Hidup berdekatan dengan kekayaan alam yang melimpah seharusnya cukup menyenangkan. Namun tidak demikian dengan petambak dan nelayan di Kota Tarakan yang memiliki garis pantai kawasan pesisir seluas 65 km persegi ini.
Haji Sarro, warga RT 30 Karang Anyar Pantai, Tarakan Barat mengatakan, petambak dan nelayan adalah tombak awal pengadaan pangan bagi masyarakat, maka tidaklah pantas jika harus selalu menjadi korban atas pangsa pasar yang tidak adil bagi kebutuhannya.
“Petambak dan Nelayan tidak boleh dilupakan segala jasa dan pekerjaannya yang sampai saat ini masih sangat mulia memenuhi kebutuhan pangan masyarakat dan negara,” kata Haji Sarro.
Haji Sarro menjelaskan, kaum petambak maupun nelayan sebagai ujung tombak awal pengadaan kebutuhan masyarakat masih menjadi anak tiri. Harga hasil perikanan masih dirasakan terlalu murah di beli oleh distributor maupun tengkulak. Dan bahkan pemerintah juga masih terlalu rendah menawarkan harga beli hasil pertanian maupun hasil perikanan itu sendiri.
“Petambak dan nelayan di Tarakan masih terbilang menjadi anak tiri dari segala kebijakan dan perhatian pemerintah Zainal Paliwang – Yansen Tipa Padan. Tidak ada tempat untuk kami mengeluh,” ucap Haji Sarro.
Sementara itu, sambung Haji Sarro, Pemprov Kaltara hanya bisa melihat penderitaan petambak dan nelayan dengan pandangan semu.
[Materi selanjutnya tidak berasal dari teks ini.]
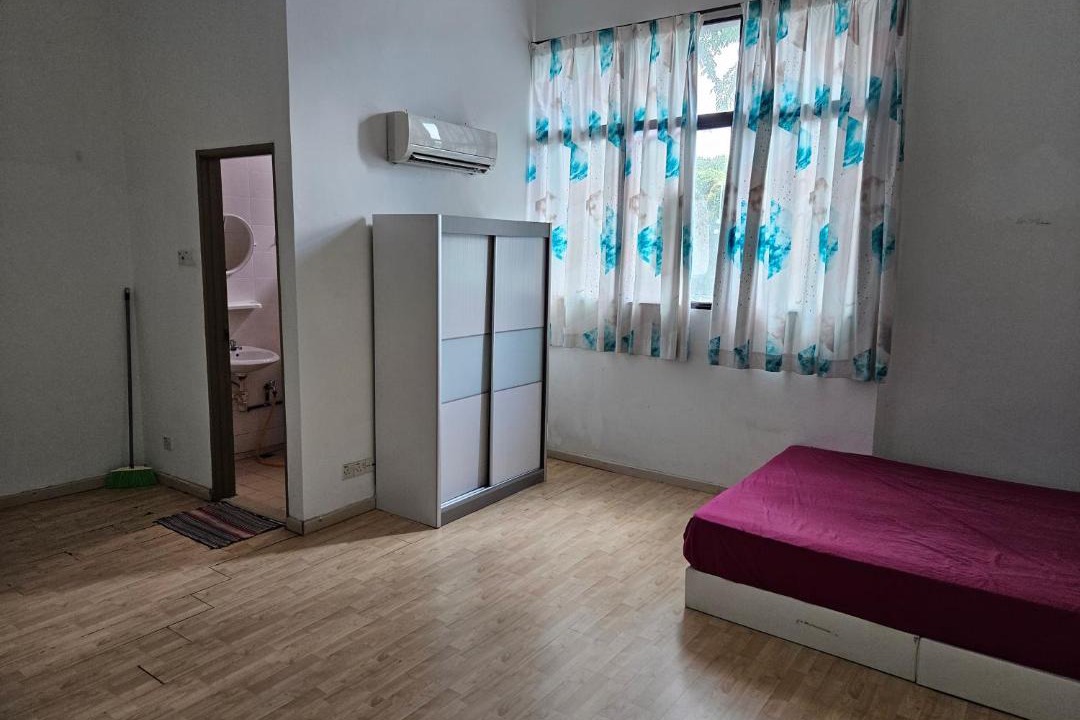 Photo of Bedroom in Kampung Batu Uban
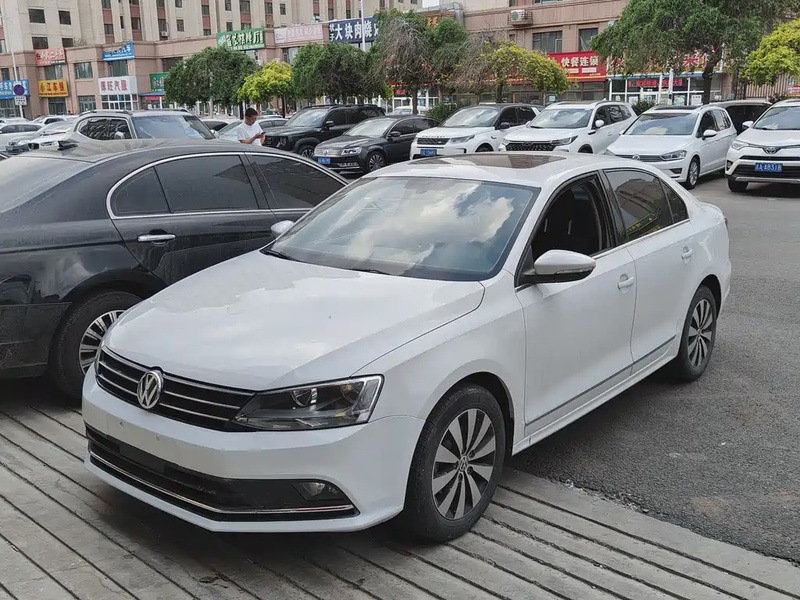 Volkswagen Sagitar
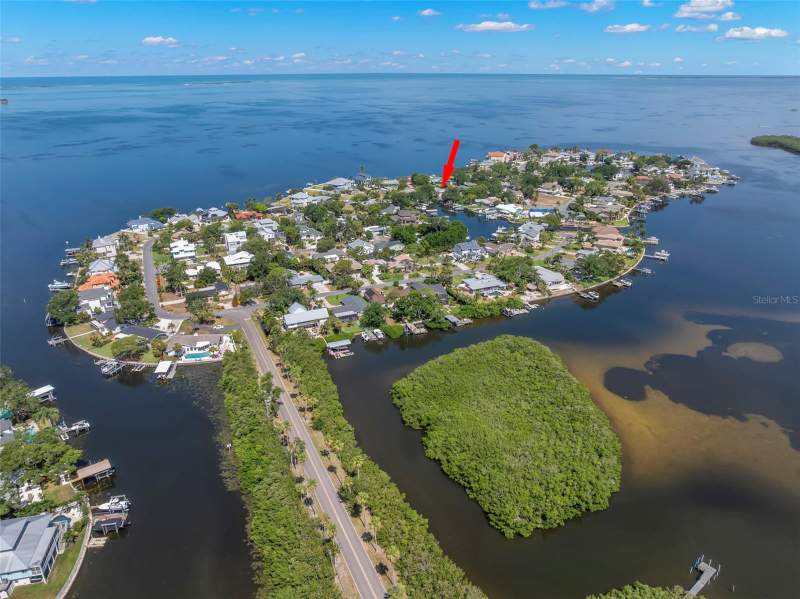 3 bedroom Single Family Residence at 121 Carlyle Drive, Indian Bluff Island 2nd Add, Palm Harbor — photo 3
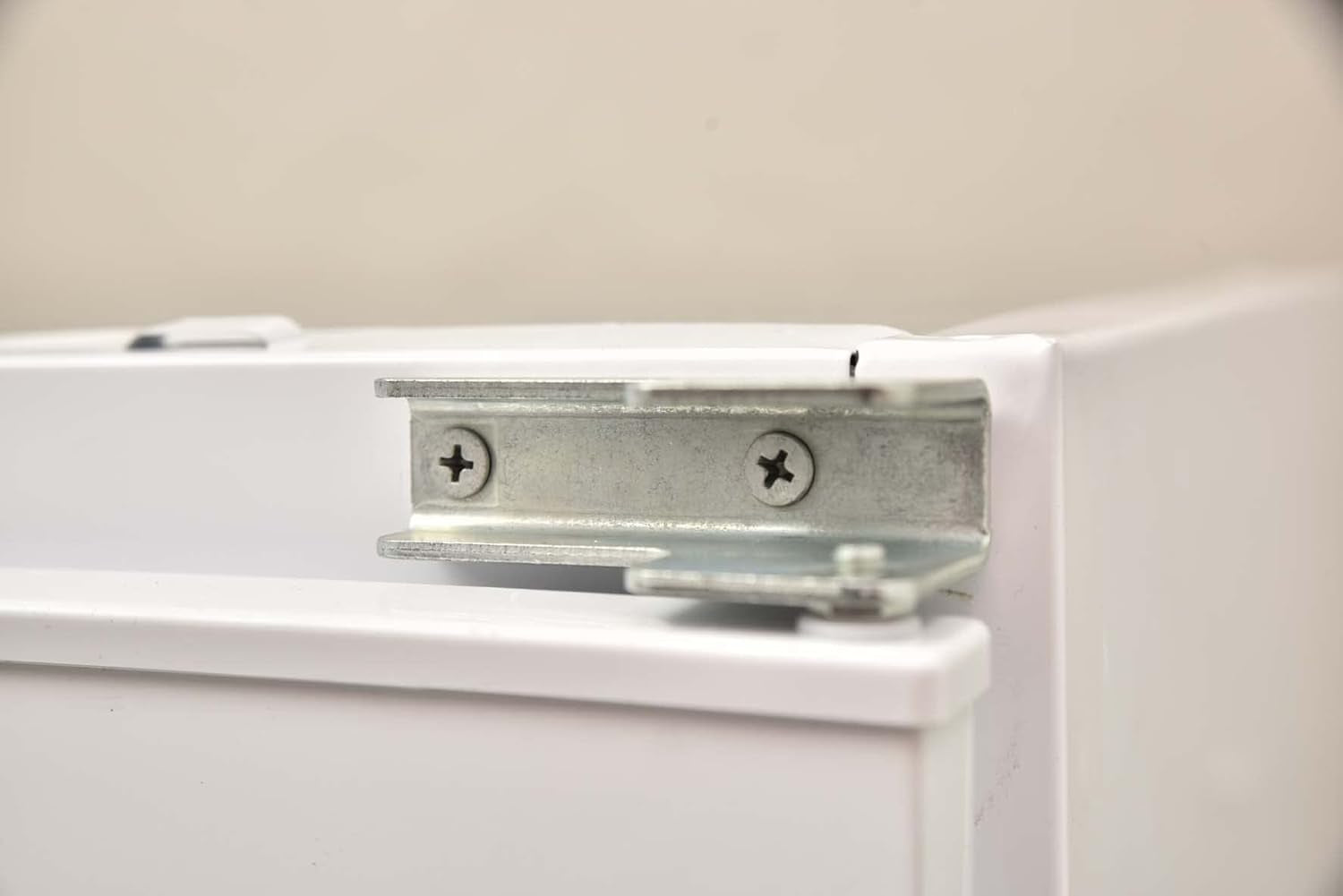 Kühlschrank 200 Liter Einbaukühlschrank Schlepptür 122 Cm Vollraum Respekta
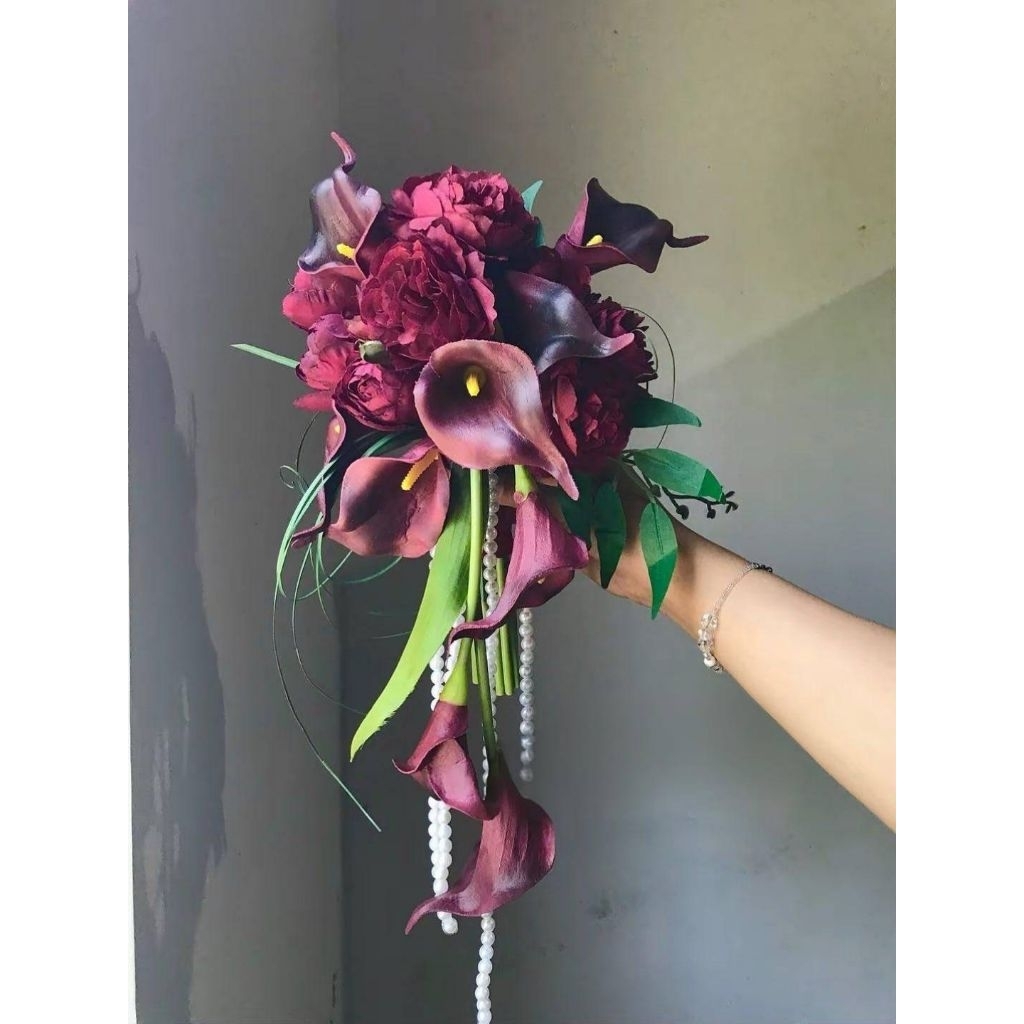 Buket wedding calla lily maroon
Para pejabat hanya selalu sibuk dengan kepentingan politiknya untuk terus bisa berkuasa dan membesarkan perutnya sendiri.
Haji Sarro merinci, di RT 30 Karang Anyar Pantai setidaknya ada 600 Keluarga yang menetap dengan 1.300 Daftar Pemilih Tetap (DPT). Rata-rata pekerjaan mereka ada petambak dan nelayan.
“Para tokoh-tokoh politik juga hanya bisa membuat slogan janji-janji palsunya soal visi maupun misi politiknya untuk kemakmuran rakyat, khususnya di Tarakan tapi semuanya omong kosong,” pungkas Haji Sarro.